Crawled caption data:
BEGIN
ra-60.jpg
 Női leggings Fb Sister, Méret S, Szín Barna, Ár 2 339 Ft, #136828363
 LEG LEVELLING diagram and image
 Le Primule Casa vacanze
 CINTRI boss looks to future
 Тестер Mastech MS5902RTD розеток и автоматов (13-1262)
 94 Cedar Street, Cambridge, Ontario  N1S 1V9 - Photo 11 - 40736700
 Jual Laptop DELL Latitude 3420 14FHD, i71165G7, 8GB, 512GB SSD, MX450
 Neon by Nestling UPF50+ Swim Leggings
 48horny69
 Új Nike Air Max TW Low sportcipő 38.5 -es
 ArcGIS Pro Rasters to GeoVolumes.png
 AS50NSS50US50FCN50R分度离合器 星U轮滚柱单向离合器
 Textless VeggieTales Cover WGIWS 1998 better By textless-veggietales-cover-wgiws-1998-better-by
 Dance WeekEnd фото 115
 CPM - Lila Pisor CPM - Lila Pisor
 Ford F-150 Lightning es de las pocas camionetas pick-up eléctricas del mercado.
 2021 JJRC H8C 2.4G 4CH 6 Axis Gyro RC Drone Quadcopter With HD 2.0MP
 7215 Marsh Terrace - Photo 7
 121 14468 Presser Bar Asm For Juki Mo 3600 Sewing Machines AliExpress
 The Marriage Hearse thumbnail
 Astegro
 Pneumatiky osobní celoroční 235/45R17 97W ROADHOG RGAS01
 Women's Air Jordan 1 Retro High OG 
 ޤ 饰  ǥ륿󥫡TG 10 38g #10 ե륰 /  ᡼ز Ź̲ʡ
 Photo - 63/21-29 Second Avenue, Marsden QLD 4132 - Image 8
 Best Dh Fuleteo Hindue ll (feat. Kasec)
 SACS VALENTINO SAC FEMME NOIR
END
* **Aim of the exercise**
Repeat the data exactly. Leave nothing out.

* **Result of the task**
ra-60.jpg
 Női leggings Fb Sister, Méret S, Szín Barna, Ár 2 339 Ft, #136828363
 LEG LEVELLING diagram and image
 Le Primule Casa vacanze
 CINTRI boss looks to future
 Тестер Mastech MS5902RTD розеток и автоматов (13-1262)
 94 Cedar Street, Cambridge, Ontario  N1S 1V9 - Photo 11 - 40736700
 Jual Laptop DELL Latitude 3420 14FHD, i71165G7, 8GB, 512GB SSD, MX450
 Neon by Nestling UPF50+ Swim Leggings
 48horny69
 Új Nike Air Max TW Low sportcipő 38.5 -es
 ArcGIS Pro Rasters to GeoVolumes.png
 AS50NSS50US50FCN50R分度离合器 星U轮滚柱单向离合器
 Textless VeggieTales Cover WGIWS 1998 better By textless-veggietales-cover-wgiws-1998-better-by
 Dance WeekEnd фото 115
 CPM - Lila Pisor CPM - Lila Pisor
 Ford F-150 Lightning es de las pocas camionetas pick-up eléctricas del mercado.
 2021 JJRC H8C 2.4G 4CH 6 Axis Gyro RC Drone Quadcopter With HD 2.0MP
 7215 Marsh Terrace - Photo 7
 121 14468 Presser Bar Asm For Juki Mo 3600 Sewing Machines AliExpress
 The Marriage Hearse thumbnail
 Astegro
 Pneumatiky osobní celoroční 235/45R17 97W ROADHOG RGAS01
 Women's Air Jordan 1 Retro High OG 
 ޤ 饰  ǥ륿󥫡TG 10 38g #10 ե륰 /  ᡼ز Ź̲ʡ
 Photo - 63/21-29 Second Avenue, Marsden QLD 4132 - Image 8
 Best Dh Fuleteo Hindue ll (feat. Kasec)
 SACS VALENTINO SAC FEMME NOIR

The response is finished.